The war on Yemen began in 2015 between the country’s fledgling Ansarallah resistance movement and a Saudi-led coalition of nations that supported the reinstatement of the country’s ousted and exiled former president, Abdrabbuh Mansour Hadi.
Marib province, located east of the Ansarallah-controlled capital city of Sanaa, boasts a pre-war population of about 300,000, but today includes about two million displaced Yemenis, particularly from the country’s north.
The city of Marib is located within a complex geoeconomic and geopolitical grid that has the ability to both connect and divide states, tribes and regional interests.
Endowed with a wealth of ancient cultural features from the historic Kingdom of Sheba, Marib also has immense mineral riches, and is the first Yemeni province where oil was discovered, and later exploited in 1986.
The province supplies Yemen’s domestic market with its own natural sources of liquified natural gas (LNG).
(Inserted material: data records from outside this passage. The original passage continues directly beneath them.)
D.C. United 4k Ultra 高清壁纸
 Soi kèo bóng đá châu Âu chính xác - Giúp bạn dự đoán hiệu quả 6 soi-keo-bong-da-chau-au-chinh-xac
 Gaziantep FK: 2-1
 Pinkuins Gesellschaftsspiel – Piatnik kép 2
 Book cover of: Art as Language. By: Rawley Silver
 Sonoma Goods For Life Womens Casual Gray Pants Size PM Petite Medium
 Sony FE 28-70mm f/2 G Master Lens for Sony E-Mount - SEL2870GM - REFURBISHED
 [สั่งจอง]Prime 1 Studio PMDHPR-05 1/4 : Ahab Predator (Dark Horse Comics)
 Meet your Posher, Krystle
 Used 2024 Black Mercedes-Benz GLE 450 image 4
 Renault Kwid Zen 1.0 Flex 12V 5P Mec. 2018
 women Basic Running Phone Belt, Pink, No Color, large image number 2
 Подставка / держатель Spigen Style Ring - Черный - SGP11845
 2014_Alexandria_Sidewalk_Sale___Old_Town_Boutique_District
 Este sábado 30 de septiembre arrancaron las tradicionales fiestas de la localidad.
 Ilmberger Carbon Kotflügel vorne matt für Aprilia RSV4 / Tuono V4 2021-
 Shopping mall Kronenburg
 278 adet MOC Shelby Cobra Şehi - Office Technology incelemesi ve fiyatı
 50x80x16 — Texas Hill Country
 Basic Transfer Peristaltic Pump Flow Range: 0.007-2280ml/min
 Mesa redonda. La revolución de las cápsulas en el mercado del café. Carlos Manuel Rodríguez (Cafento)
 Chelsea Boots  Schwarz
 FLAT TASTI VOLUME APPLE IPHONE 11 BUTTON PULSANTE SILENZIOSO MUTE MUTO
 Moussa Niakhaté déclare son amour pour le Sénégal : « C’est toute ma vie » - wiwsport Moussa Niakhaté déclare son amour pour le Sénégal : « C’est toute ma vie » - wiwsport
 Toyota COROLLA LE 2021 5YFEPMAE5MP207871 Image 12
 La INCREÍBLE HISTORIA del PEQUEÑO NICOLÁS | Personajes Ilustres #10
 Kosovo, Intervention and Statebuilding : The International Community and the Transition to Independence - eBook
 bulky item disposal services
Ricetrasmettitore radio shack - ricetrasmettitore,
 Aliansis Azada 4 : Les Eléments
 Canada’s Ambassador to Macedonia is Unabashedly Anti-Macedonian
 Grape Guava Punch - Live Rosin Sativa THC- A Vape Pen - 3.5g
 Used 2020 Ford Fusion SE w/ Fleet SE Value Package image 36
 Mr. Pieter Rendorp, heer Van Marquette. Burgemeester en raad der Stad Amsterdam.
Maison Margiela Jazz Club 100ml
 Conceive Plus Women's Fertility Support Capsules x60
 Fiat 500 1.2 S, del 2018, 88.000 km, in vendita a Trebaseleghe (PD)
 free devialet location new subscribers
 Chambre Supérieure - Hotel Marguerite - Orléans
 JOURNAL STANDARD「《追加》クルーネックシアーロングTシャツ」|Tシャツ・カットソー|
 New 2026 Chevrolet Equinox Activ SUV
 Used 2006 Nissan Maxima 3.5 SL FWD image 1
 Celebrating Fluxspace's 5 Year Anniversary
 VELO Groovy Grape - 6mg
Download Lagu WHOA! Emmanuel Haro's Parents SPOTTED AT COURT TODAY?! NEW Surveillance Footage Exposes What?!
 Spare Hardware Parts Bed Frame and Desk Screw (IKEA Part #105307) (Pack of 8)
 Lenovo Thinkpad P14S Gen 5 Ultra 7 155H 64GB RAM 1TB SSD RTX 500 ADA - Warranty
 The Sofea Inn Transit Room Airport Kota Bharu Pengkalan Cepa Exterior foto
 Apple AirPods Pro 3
Also, located near its 8th century sister dam, is the modern Marib Dam, which provides regulated water supplies for domestic and agricultural use in the country’s north.
However, the battle over Marib is currently in its most dangerous stage, each side fighting hard to gain control, each with vastly different intensions.
Ansarullah military forces are fast gaining ground since they launched their liberation offensive in 2020, while Saudi-backed militias have been struggling to hold ground in recent months.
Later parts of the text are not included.